Homemade root beer isn’t something that we often make in our house because it has so much sugar, but it’s a nice treat on occasion and way healthier than the stuff on the shelves at the store.
Beyond all the natural ingredients, we ferment the starter for it with a ginger bug. A ginger bug is a natural fermentation that works similar to a brewer’s yeast.
The bacteria formed in the starter, primarily lactobacillus acidophilus, is excellent for gut health and many other potential health benefits.
The American diet has been almost entirely devoid of ferments with the over-pasteurized ingredients and industrial sludge that we subject our dinner plates too.
Introducing some beneficial bacteria in a treat seems like an excellent way to reintroduce it.
It’s a simple process. Anybody can make homemade root beer, but it takes some patience.
Including making the ginger bug, it’ll take from nine to ten days.
The only special equipment you’ll need is some swing-top bottles, or some old beer bottles and a bottle capper. Maybe a funnel to get the root beer from your pot and into the bottles.
When making fermented drinks, one important thing to keep in mind is that they will have a little alcohol in them—only about 0.5% to 1%, but it’s something that you should be aware of.
Most of the ingredients won’t be available at your local grocery store, so you’ll have to either order them online or potentially source them from a brewer’s supply store.
Once you’ve got everything together, you’ll make a tea out of it, then strain it through cheesecloth, before letting it cool.
Once it’s cooled off enough, you’ll add the ginger bug, stir, then bottle it up. It’s critical to let it cool completely, because temperatures over 110 degrees F, can potentially kill the bacteria in the ginger bug. No bugs, no carbonation.
The carbonation in fermented drinks comes from the bacteria eating some of the sugar and expelling carbon dioxide.
Homemade Root Beer
- Swing-top bottles
- Small funnel
- 1 gallon filtered water
- 1 tbsp. birch bark
- 2 tbsp. sarsaparilla root
- 1 star anise
- 1 tbsp. licorice root
- 1 tbsp. ginger root
- 1 tbsp. fresh mint - minced
- 1 vanilla bean - split and seeded (both will go into the pot)

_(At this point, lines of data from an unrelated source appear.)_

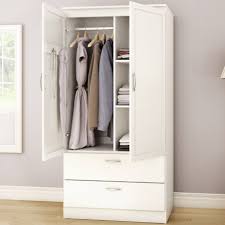 White Armoire Bedroom Clothes Storage Wardrobe Cabinet With 2 Drawers In 2020 Wardrobe Cabinets White Armoire Armoire Storage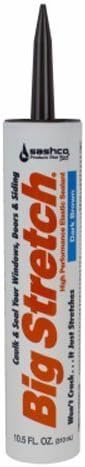 Sashco Inc 10008 6 Pack 10.5 oz. Big Stretch Acrylic Latex High Performance Caulking Sealant, Dark Brown
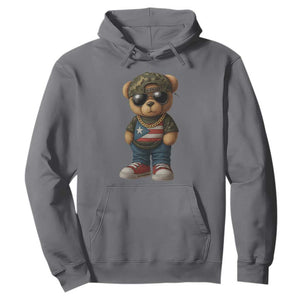 Camo Teddy Bear Puerto Rico Flag Hoodie Camouflage Rican Boricua TS10 Charcoal Print Your Wear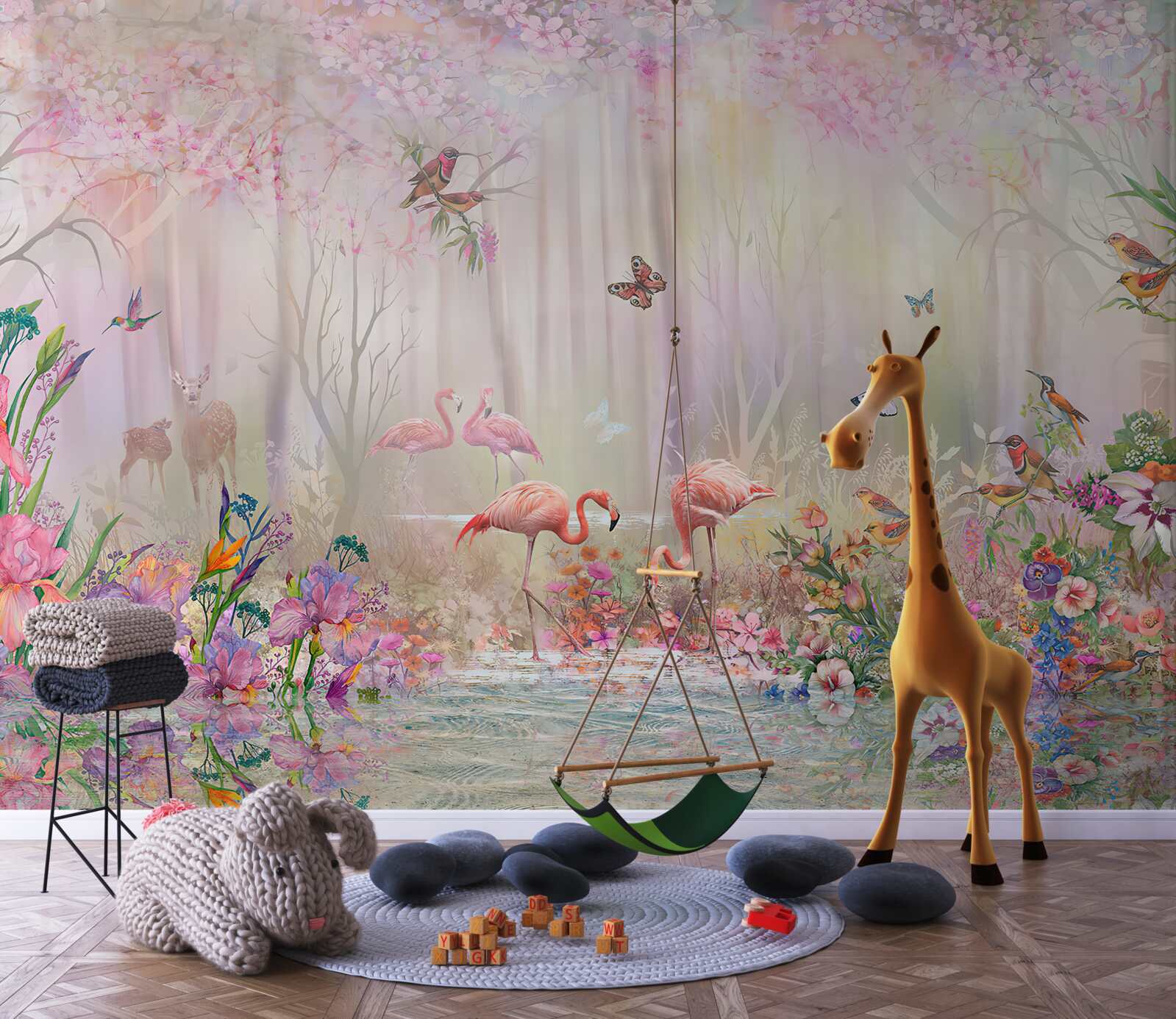 Fototapeta plameniaky a iné vtáky v hmlistom lese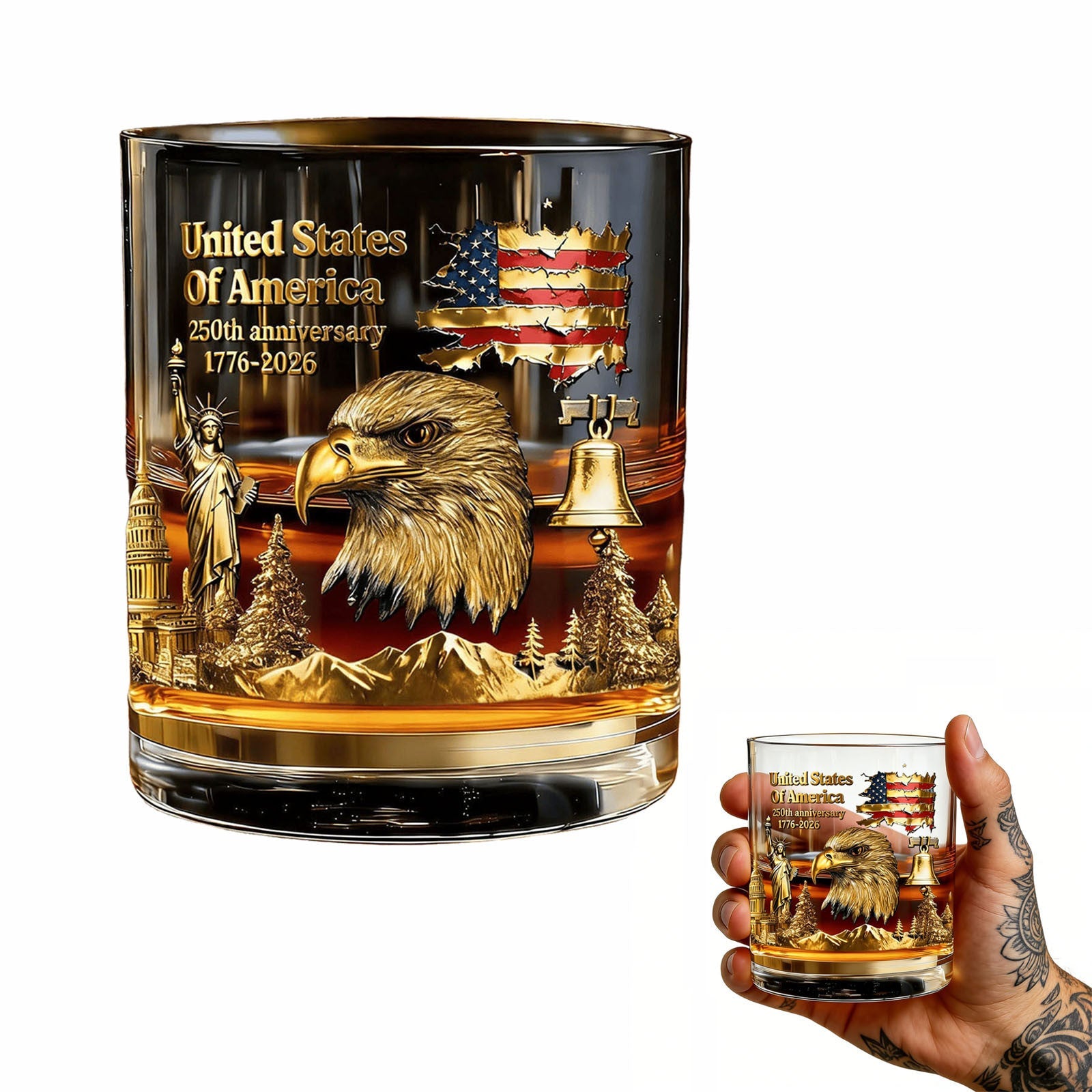 Limited Edition 2026 USA 250th Anniversary Commemorative Glass – 1776-2026 Heritage Edition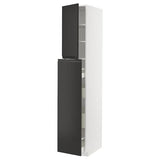 METOD / MAXIMERA hc w p-o func 4drw/1dr/2shlv, white/Upplöv matt anthracite, 40x60x220 cm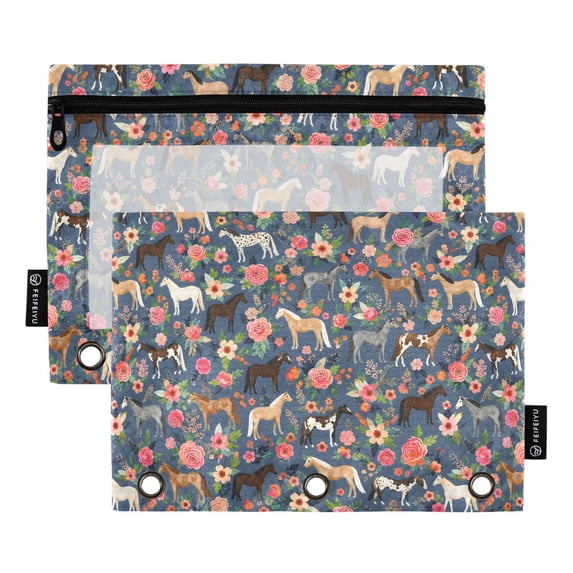 FORMRS 2 Pack Pencil Pouch for 3 Ring Binder with Clear Window Zipper Pen Case Stationery Organizer, Blue Floral Horses Pattern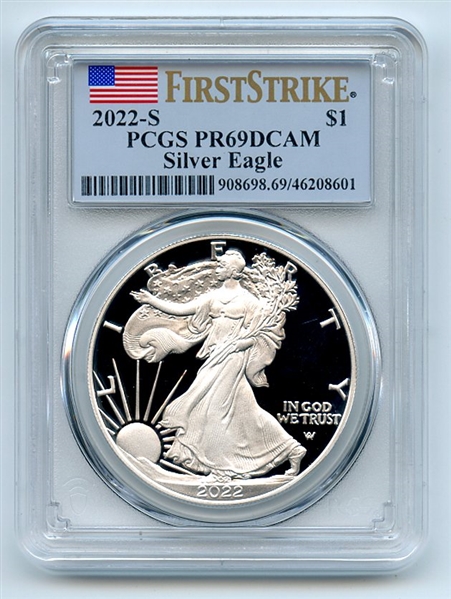 2022 S $1 Proof American Silver Eagle 1oz Dollar PCGS PR69DCAM First Strike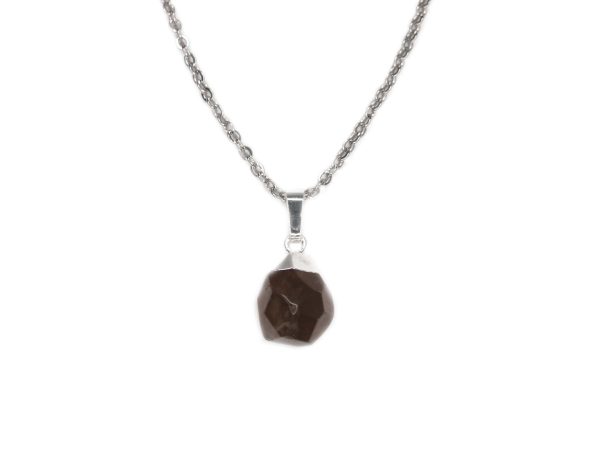 Gemstone Necklace Smoky Quartz Drop Pendant Natural beads mouse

- 2 tbsp. sassafras root bark
- 1/2 cup molasses - Mild and unsulphured (not blackstrap)
- 1 cup granulated sugar
- 1/2 cup ginger bug
- Add one gallon of water to a large stockpot, then add the birch bark, sarsaparilla root, star anise, licorice root, ginger root, mint, and vanilla bean, along with its seeds. Bring to a boil, then reduce to a simmer, cover, and cook for 30 minutes.

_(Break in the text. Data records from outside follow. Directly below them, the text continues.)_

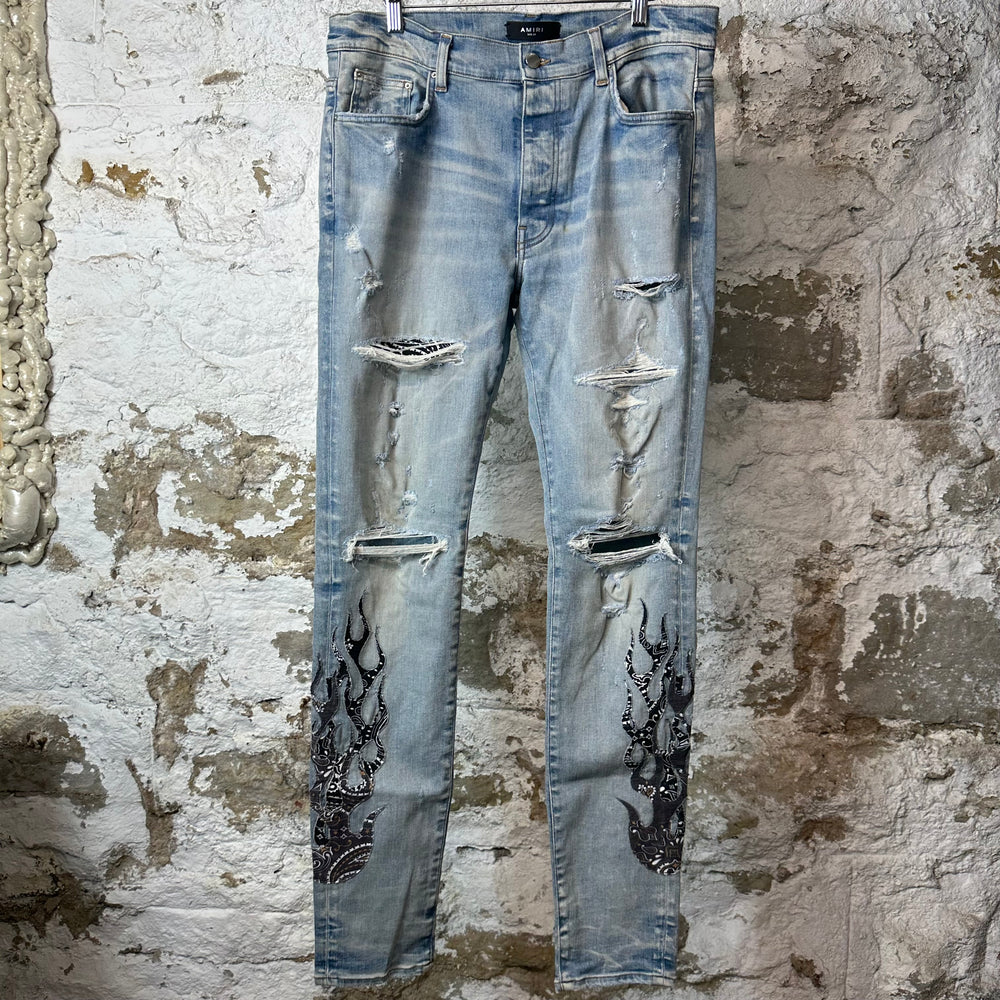 Amiri Black Brown Paisley Flame Blue Denim Jeans Sz 34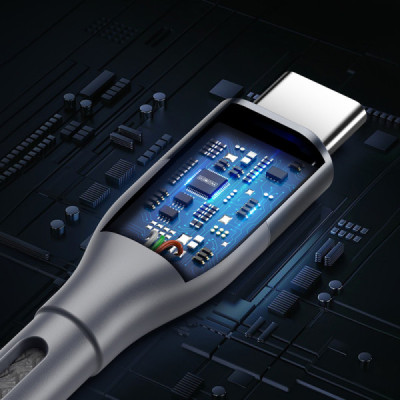 Cablu de Date 2x Type-C Super Fast Charging 65W, 480Mbps, 1m - Duzzona (A2) - Grey - 4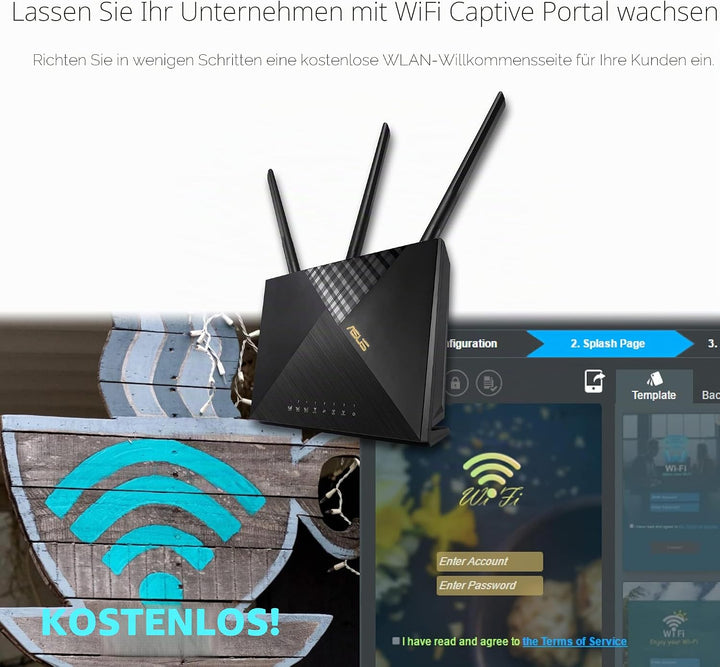 Asus 4G-AX56 LTE WLAN-Router (WiFi-6 AX1800, SIM Slot, LTE Cat. 6 bis zu 300 Mbits, Gigabit LAN, AiP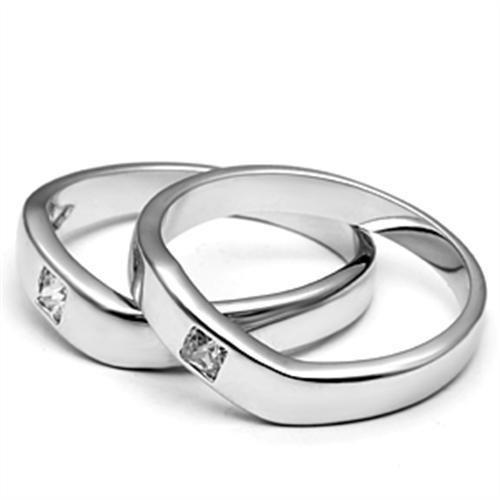 MA3W039 - Rhodium Brass Ring with AAA Grade CZ  in Clear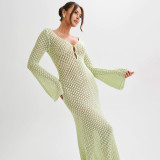 Knitted Hollow Out Beach Bikini Swimsuit Cover Up Sun Protection Suit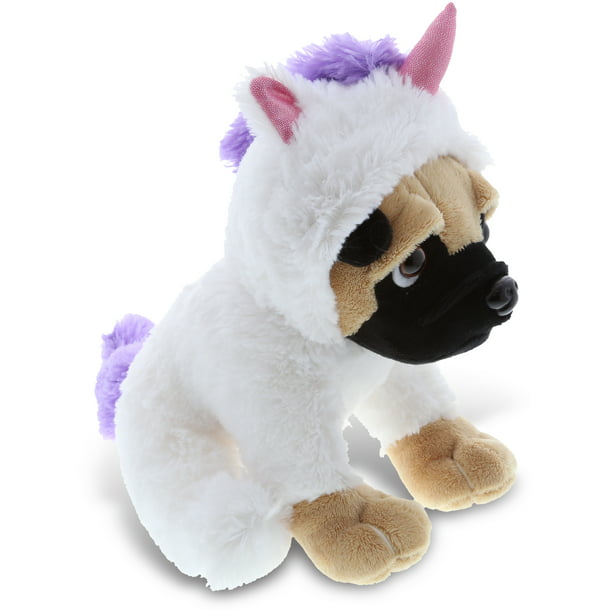 DolliBu Plush Pug Dog Unicorn Stuffed Animal - 10 inches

- Add the sassafras root bark, stir, then cover and cook for an additional 15 minutes.
- Take the pot off of the heat, then thoroughly stir in the sugar and molasses.
- Fill a sink with water, then gently set the pot into it to cool until it reaches no more than 100 degrees F. About 2 hours.
- Once cool, remove the pot from the sink and strain through cheesecloth, into a large bowl or pot.
- Using the funnel, fill each bottle until there is 1-2 inches of airspace from the top.
- Put the bottles in a cool, dark space to ferment for 2-3 days (depending on how cool you keep your house). Be sure to set them somewhere so that if a bottle cap pops off from the pressure, it won't mess anything up. Move to your refrigerator and allow it to cool for another 2 days.